TASK STATEMENT:
From the first line of the data below through the line bearing "Plain seamless pattern", reproduce each line exactly; do not include pictures.

THE DATA:
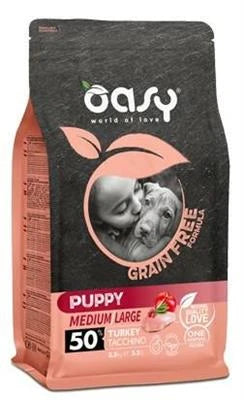 MANGIME SECCO PER CANI OASY DOG GRAIN FREE PUPPY MEDIUM/LARGE TACCHINO KG 2,5
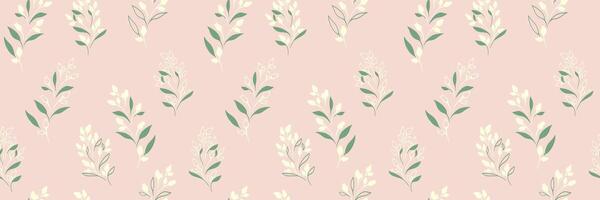 Plain seamless pattern with shapes tiny branches leaves, buds with drops. Plain creative floral print. hand drawn sketch. Nature ornament for designs vector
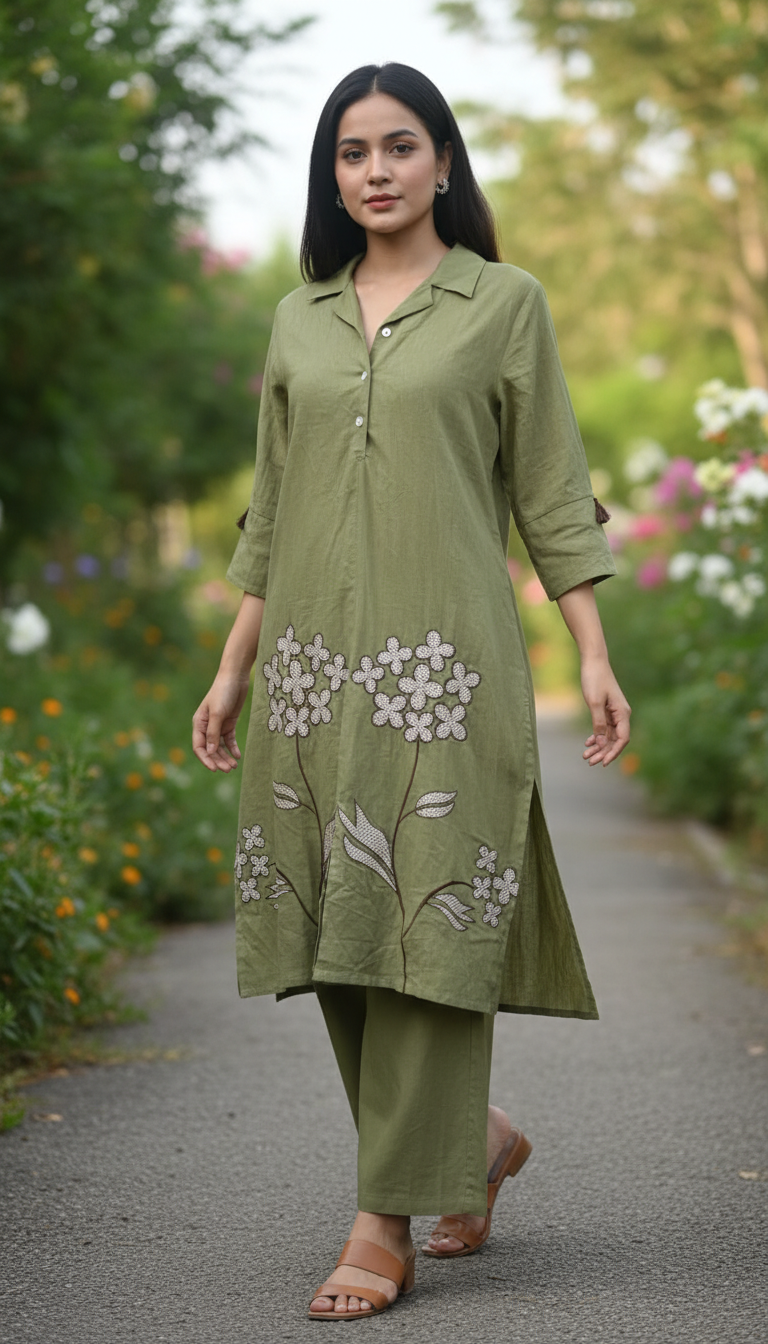 Flaur  Green  Embroidery Kurta Set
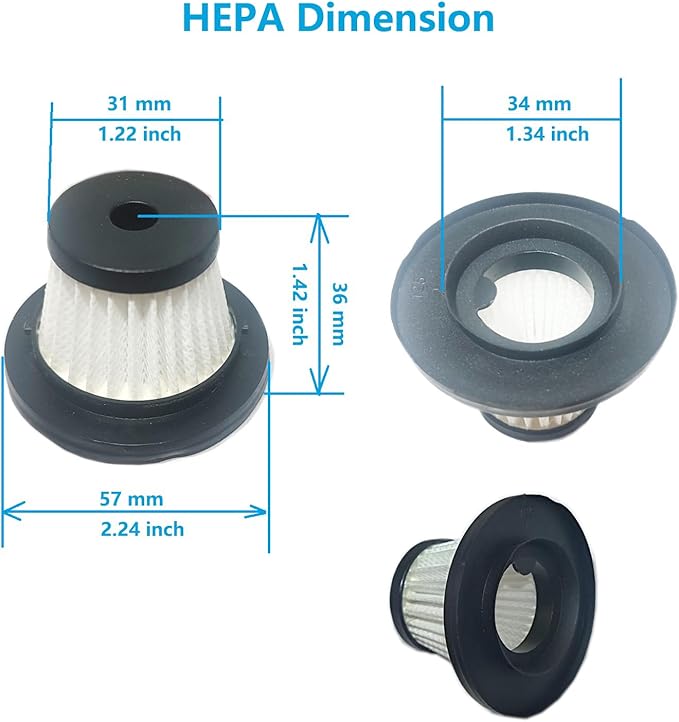 4 Pack Vacuum Filter Replacement Compatible with JONYJ LT-135, EYYA 135, Opinta LT-126 Car Vacuum, and Sweetone, AX2V, AHNR Handheld Vacuum Related.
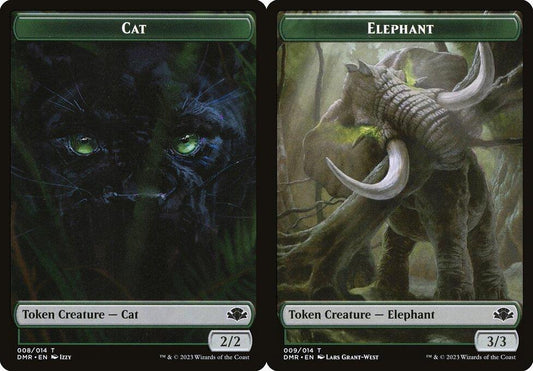 Cat (008) // Elephant (009) Double-Sided Token - Foil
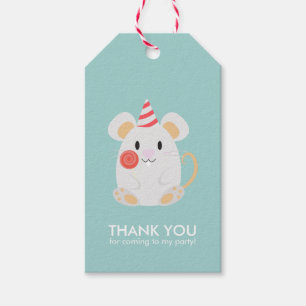 Birthday-partij voor muizen cadeaulabel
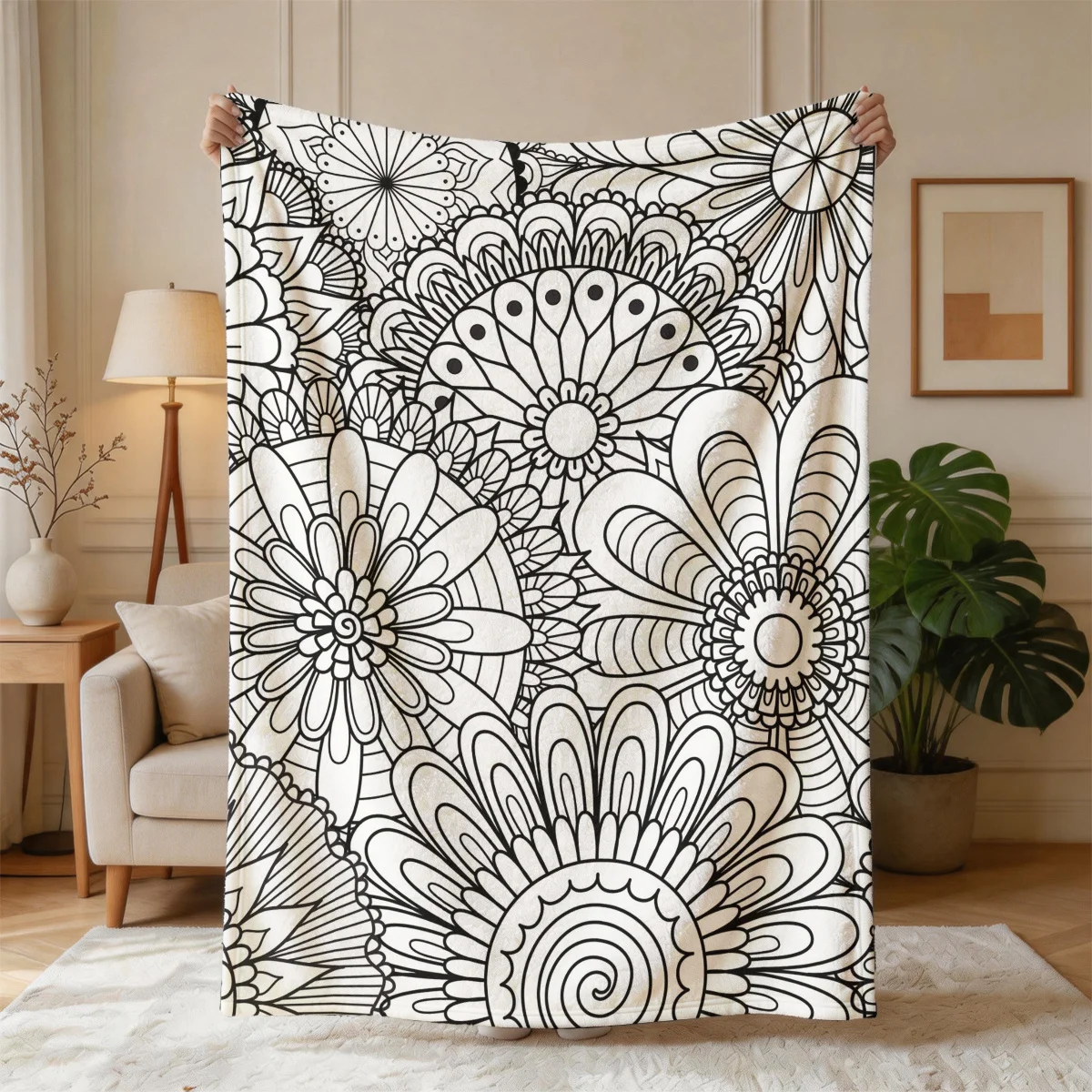 Large Mandala Floral Print Boho Throw Blanket Line Art Tapestry Decorative Cozy Indoor Outer Decor for Sofa Bed
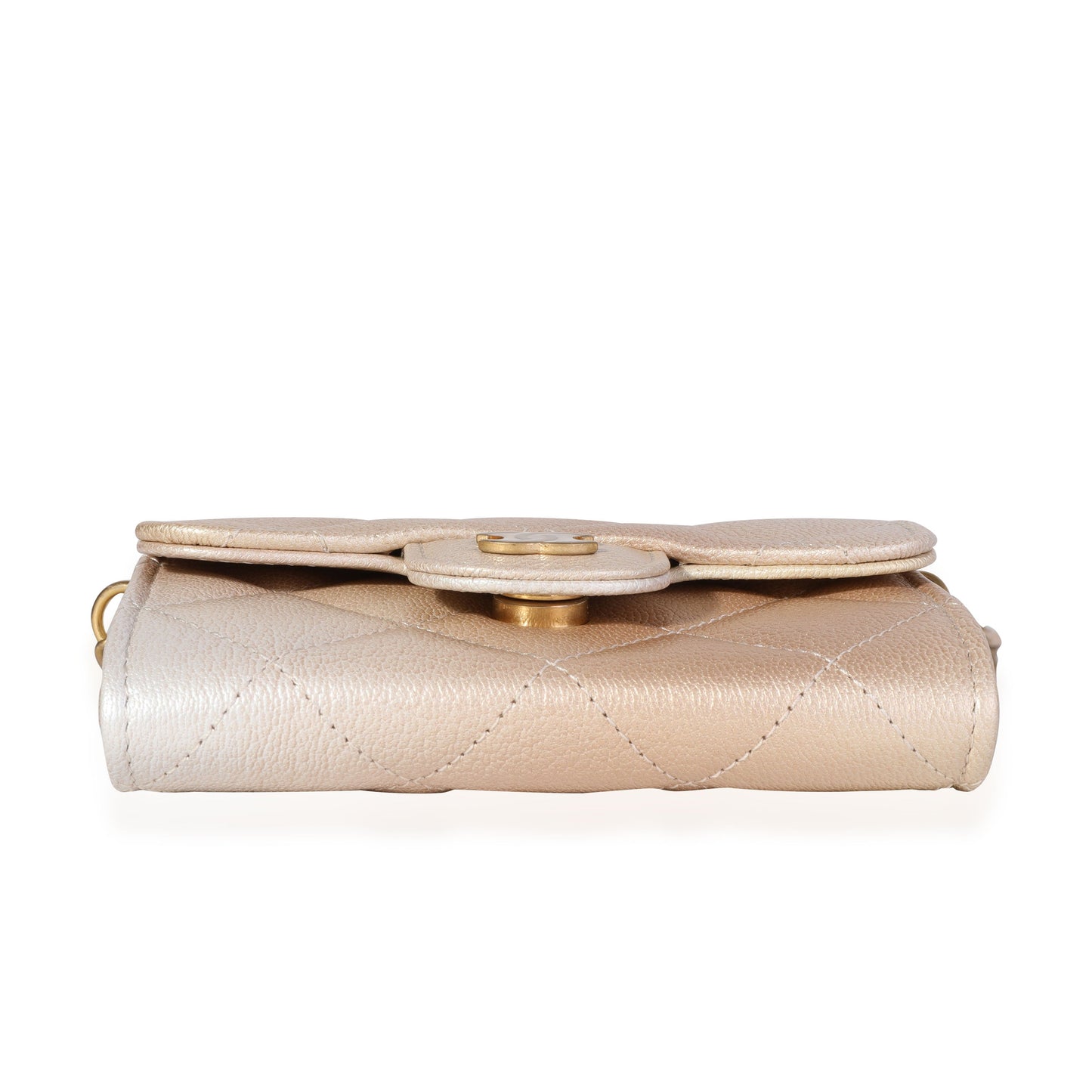 Chanel Gold Metallic Ombré Quilted Goatskin Classic Mini Clutch with Chain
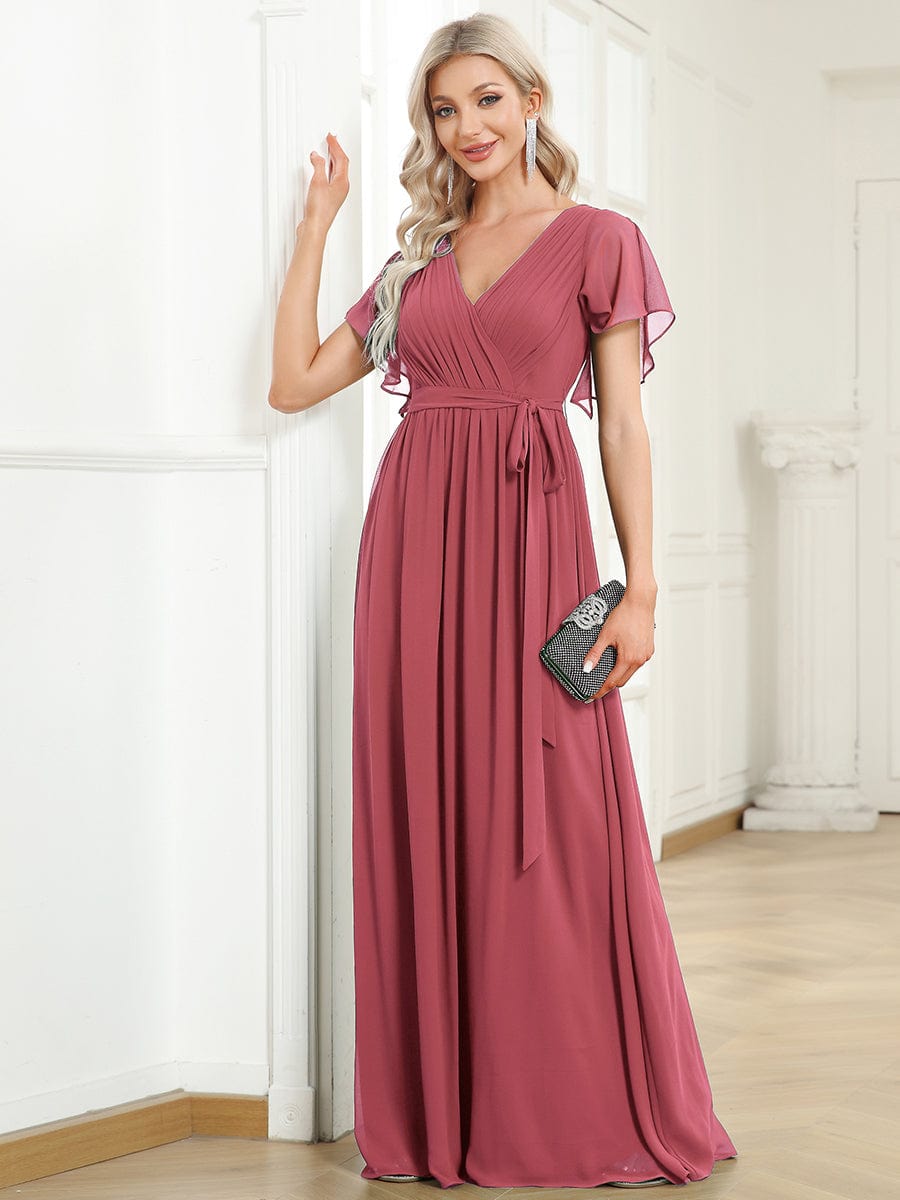 Custom Size V-Neck Flutter Sleeve Floor-Length A-Line Chiffon Evening Dress #color_Cameo Brown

YOUR SOLUTION:
 MANGIME SECCO PER CANI OASY DOG GRAIN FREE PUPPY MEDIUM/LARGE TACCHINO KG 2,5
 Plain seamless pattern with shapes tiny branches leaves, buds with drops. Plain creative floral print. hand drawn sketch. Nature ornament for designs vector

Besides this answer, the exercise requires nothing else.